3. The search for the best cell 3. 寻找最佳单元格
The search for the optimal cell type in cell-based regenerative medicine for acute MI is a critical area of investigation to identify the cell type that offers the most significant regenerative potential and therapeutic benefits. Numerous cell types have been explored. Each cell type possesses distinct characteristics and mechanisms of action, making it crucial to identify the optimal cell source for effective cardiac repair and regeneration.
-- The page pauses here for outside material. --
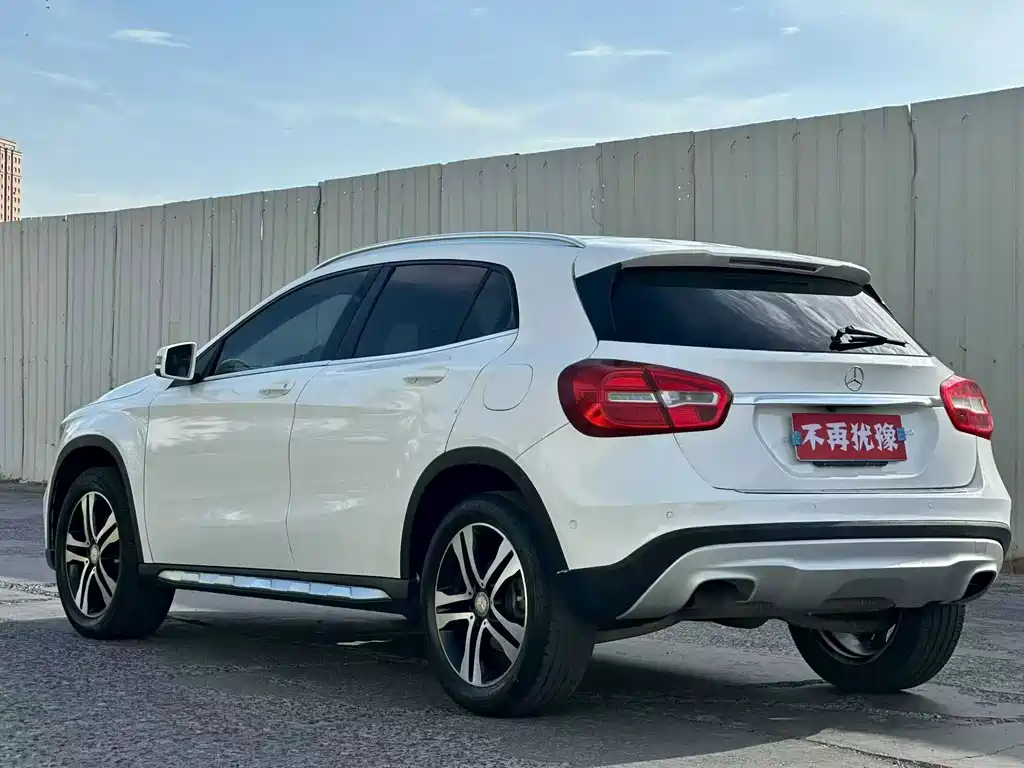 Mercedes-Benz GLA 2015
Cell types used in treating AMI both clinically and pre-clinically include skeletal myoblasts [18], bone marrow mononuclear cells (BMMNCs) [19], cardiac progenitor cells [20,21], cardiospherederived cells [22], MSCs, embryonic stem cells (ESCs) [23], and iPSCs [24]. These studies 在基于细胞的再生医学中寻找急性 MI 的最佳细胞类型是一个关键的研究领域,以确定提供最显着再生潜力和治疗益处的细胞类型。已经探索了多种细胞类型。每种细胞类型都具有不同的特性和作用机制,因此确定有效心脏修复和再生的最佳细胞来源至关重要。临床和临床前用于治疗AMI的细胞类型包括骨骼成肌细胞[18]、骨髓单核细胞(BMMNC)[19]、心脏祖细胞[20,21]、心脏球源性细胞[22]、MSC、胚胎干细胞(ESC)[23]和iPSC[24]。这些研究
*Corresponding author: Joshua M Hare; Interdisciplinary Stem Cell Institute, University of Miami Miller School of Medicine, Miami, FL 33136; Telephone: (305) 243-5579; Fax: (305) 243-5584; JHare@med.miami.edu. *通讯作者:Joshua M Hare;迈阿密大学米勒医学院跨学科干细胞研究所, 迈阿密, FL 33136;电话:(305) 243-5579;传真:(305) 243-5584;JHare@med.miami.edu。
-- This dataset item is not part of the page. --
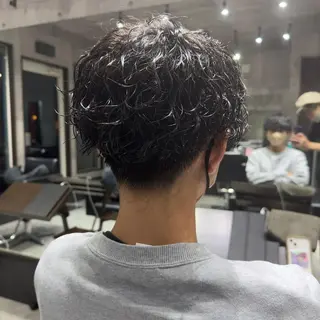 パーマ メンズ 高橋嵐 プラスイズムヴェレンのヘアスタイル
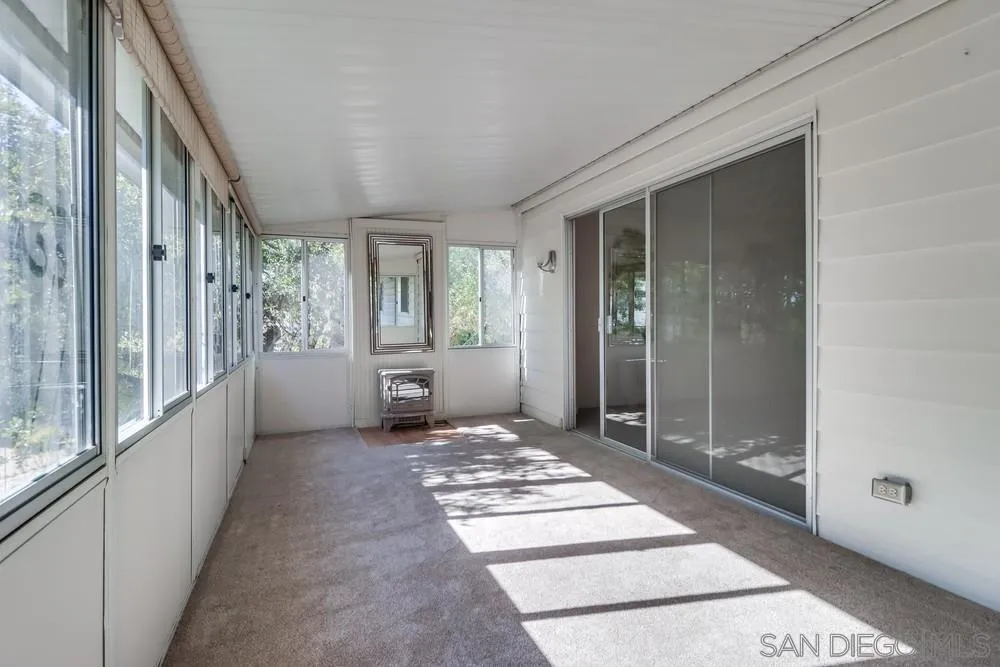 https://cdn.realtyfeed.com/cdn/127/250035156/b9da389b591581e3a0465880d45f4d3e.webp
Declaration of interest 利益声明
JM Hare reported having a patent for cardiac cell-based therapy. He holds equity in Vestion Inc. and maintains a professional relationship with Vestion Inc. as a consultant and member of the Board of Directors and Scientific Advisory Board. JM Hare is the Chief Scientific Officer, a compensated consultant and advisory board member for Longeveron, and holds equity in Longeveron. He is also the co-inventor of intellectual property licensed to Longeveron. Longeveron LLC and Vestion Inc. did not participate in funding this work. JM Hare’s relationships are disclosed to the University of Miami, and a management plan is in place. The authors have no other relevant affiliations or financial involvement with any organization or entity with a financial interest in or financial conflict with the subject matter or materials discussed in the manuscript apart from those disclosed. JM Hare 报告称拥有基于心肌细胞的疗法专利。他持有 Vestion Inc. 的股权,并作为顾问、董事会成员和科学顾问委员会成员与 Vestion Inc. 保持着专业关系。JM Hare 是 Longeveron 的首席科学官、有偿顾问和顾问委员会成员,并持有 Longeveron 的股权。他还是授权给 Longeveron 的知识产权的共同发明人。Longeveron LLC 和 Vestion Inc. 没有参与为这项工作提供资金。JM Hare 的关系已向迈阿密大学披露,并制定了管理计划。除已披露的主题或材料外,作者与任何与手稿中讨论的主题或材料有经济利益或财务冲突的组织或实体没有其他相关隶属关系或财务参与。
Reviewer disclosures 审阅者披露
Peer reviewers on this manuscript have no relevant financial or other relationships to disclose. 本手稿的同行评审员没有相关的财务或其他关系需要披露。